Looks good. Thanks for the nice clean side pic in full sun. I've been looking for a good pic with 35% on the sides and hadn't found one.


----------



## Tonyb92681 (Aug 2, 2014)

My car was tinted by the original owner before I purchased it. I'm sold. I will never have a car without tint ever again. It looks great, but even better it keeps the inside nice and cool and blocks the sun better when driving. Had I of known this, I would have done previous vehicles as well. Yours looks great by the way!


Sent from AutoGuide.com Free App


----------



## LS2 BLAZER (Apr 12, 2015)

FritzDaCat said:


> Looks good. Thanks for the nice clean side pic in full sun. I've been looking for a good pic with 35% on the sides and hadn't found one.


Thx... I was waiting for the perfect opportunity to snap a pic like that. I went on lunch at work and was like "where's my phone, I need to take a pic of this" ha..



Tonyb92681 said:


> My car was tinted by the original owner before I purchased it. I'm sold. I will never have a car without tint ever again. It looks great, but even better it keeps the inside nice and cool and blocks the sun better when driving. Had I of known this, I would have done previous vehicles as well. Yours looks great by the way!
> 
> 
> Sent from AutoGuide.com Free App


All but one of my vehicles have been tinted. Like you said, overall look is amazing and can change the appearance of a vehicle dramatically but it does in fact serve a purpose. 
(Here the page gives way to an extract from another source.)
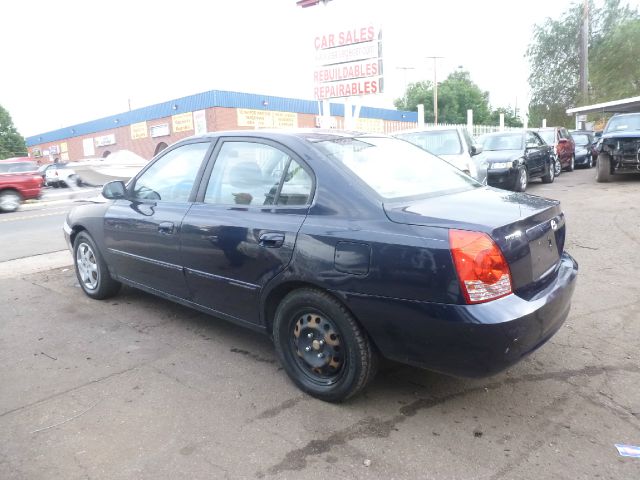 2006 Hyundai Elantra ST Sport SLT TRX4 Off Road Laramie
And thx for the compliment. I told myself I wouldn't mod this car since it's my daily driver, but clear lenses, windows tinted, vinyl overlays, and a pillar pod with boost/volt gauges later, I guess I can kind of stop now haha.. I'm only going to do a,fee more things and then I'm done with it.


----------



## Beelzebubba (Apr 3, 2015)

I finally got mine tinted.

35% heat rejection film....I had to. The A/C is just not good enough for high temperature regions.

I had 5% on the back windows of my Mazda. I should have had 35%. The back windows might as well have been painted black at night. It makes you good at backing up on the mirrors at least.


----------



## LS2 BLAZER (Apr 12, 2015)

Or at least using the back up camera ha... 

But yes, I have 17% on my Trailblazer SS and it is a nightmare maneuvering that thing at night with the windows up.


----------



## BlueTopaz (Aug 25, 2012)

Looks good. Here is what I found the limit is here in NC.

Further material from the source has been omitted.